2. Description of Related Art
Recall that workmen texture drywall for various aesthetic, fireproofing, and acoustic reasons. First they mix powdered plaster, stucco, finish, EIFS, fireproofing, or other sack material with water to produce a viscous plaster-like mixture that is sometimes referred to as mud. Then, they spray the mud onto the drywall with high pressure nozzles. That gives the drywall the desired finish and characteristics.
However, existing methods and equipment for mixing the mud have certain drawbacks. Mud-mixing typically proceeds using a trailor-mounted mixing machine having a mixing tank in the 150-500 gallon range, a 15-50 horsepower gasoline engine, a 10-40 CFM air pump, and associated componentry. First, the user connects a line to a water outlet at the job site to fill the tank. After filling the tank, he adds sack material to the water while the gasoline engine operates to mix the combination, much like a portable cement-mixing machine. Once the mixture is thoroughly mixed, the user activates the air pump to spray the mud through a nozzle onto the drywall, and then he prepares a fresh batch of mud.
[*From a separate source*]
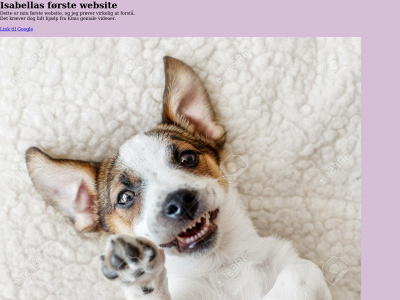 isabellaberry.dk snapshot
In addition to the cost of existing mixing equipment, one major problem is the time and attention it requires. Filling the water tank may alone take thirty minutes, and just the right amount of sack material must be added to produce a suitable mixture for spraying. Therefore, users need a better way to mix mud for drywall texturing and other applications.
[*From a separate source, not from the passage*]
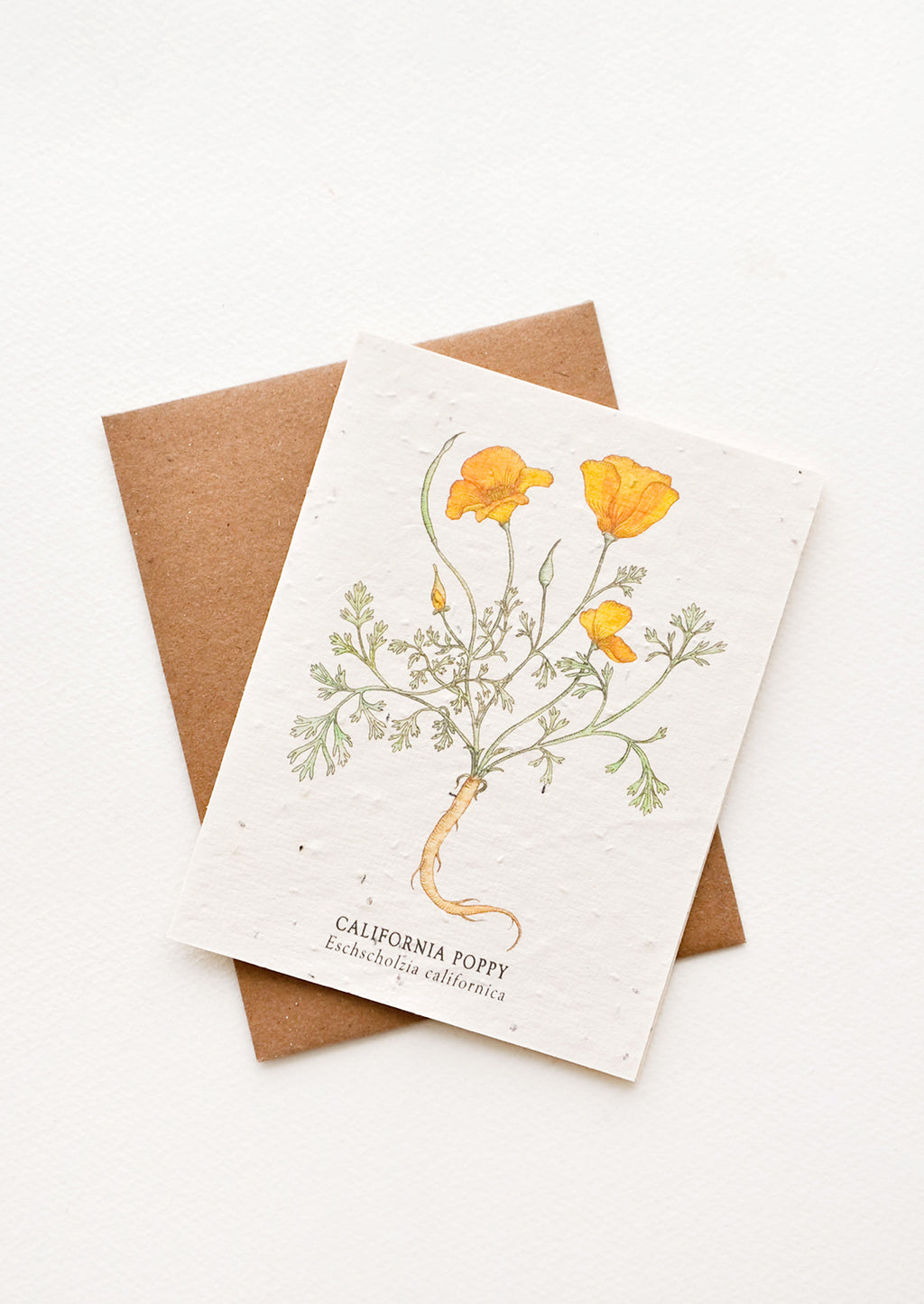 California Poppy: Notecard with drawing of a poppy flower and brown envelope.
This invention solves the problems outlined above by providing an inline mud-mixing method and apparatus. The apparatus (a mud mixing machine) includes a framework supporting a hopper, a mixing tube, an auger, a water reservoir, a mud holding tank, and associated components. The auger advances dry powdered sack material from the hopper through the mixing tube while water from the reservoir mixes with the sack material in the tube to produce mud at the downstream end. The mud collects in the holding tank from which it may be pumped to a spray nozzle as needed, and various controls regulate the mud production rate according to usage.
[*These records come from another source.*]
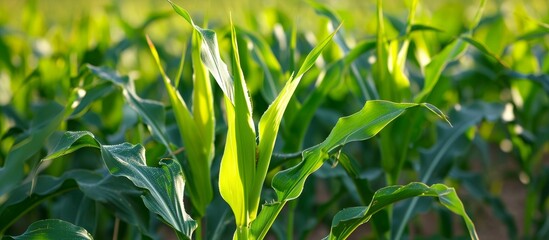 Effective Corn Management through Sustainable Spraying Chemicals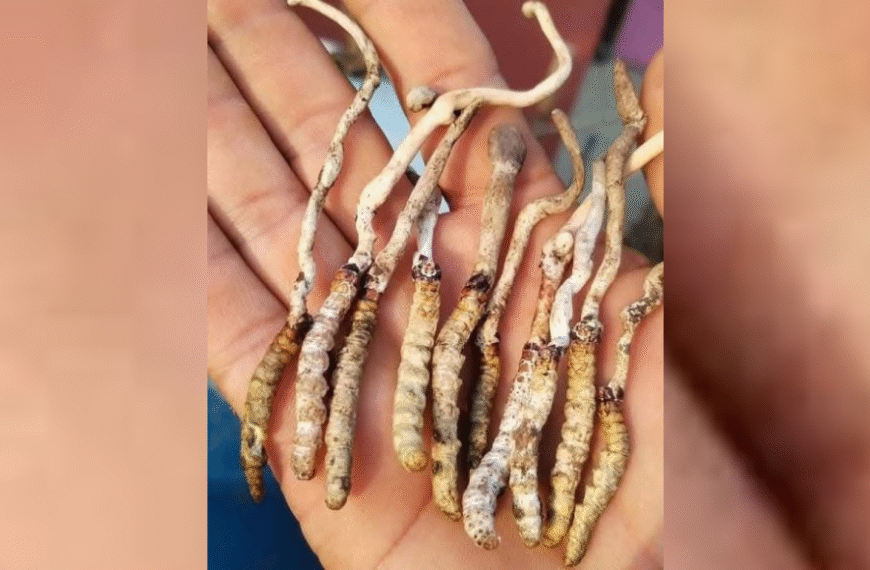 अनुमतिविना यार्सागुम्बा सङ्कलनमा गएका २५ जना नियन्त्रणमा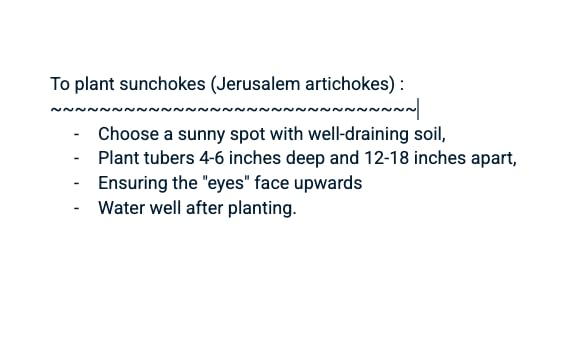 Kejora Fresh Jerusalem Artichokes (Sunchokes Or Sunroot) For Planting Or Eating - 4 Pounds Ship Fedex 2Nd Day Air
That arrangement eliminates the time required to fill a large water tank because inline auger feeding and mixing does not require a large tank of water. It also eliminates the time and attention required to periodically mix a large batch of mud in the tank of water because the user just adds sack material to the hopper when more is needed to continue the inline mixing process. Furthermore, the invention eliminates the need for a large motor or gasoline engine to drive a large mixing apparatus because inline auger feeding and mixing requires only a small air-driven motor. The user just connects the mud-mixing machine of this invention to a water line and an air line from a compressor at the job site, adds sack material to the hopper, adjusts the controls, and he is ready to spray in about five minutes.
To paraphrase the language subsequently presented in the claims, a method of forming a mixture of powdered sack material and water to produce mud for drywall texturing and other applications includes the step of providing a hopper, a tank, a robe intermediate the hopper and the tank, and an auger arranged to feed sack material from the hopper through the tube to the tank. The method proceeds by adding powdered material to the hopper, supplying water to the tube, and operating the auger to thereby cause the auger to feed the powdered material from the hopper into the tube with the auger, cause the auger to mix the powdered material and water in the robe in order to produce the mixture, and cause the auger to push the mixture out of the tube to the tank.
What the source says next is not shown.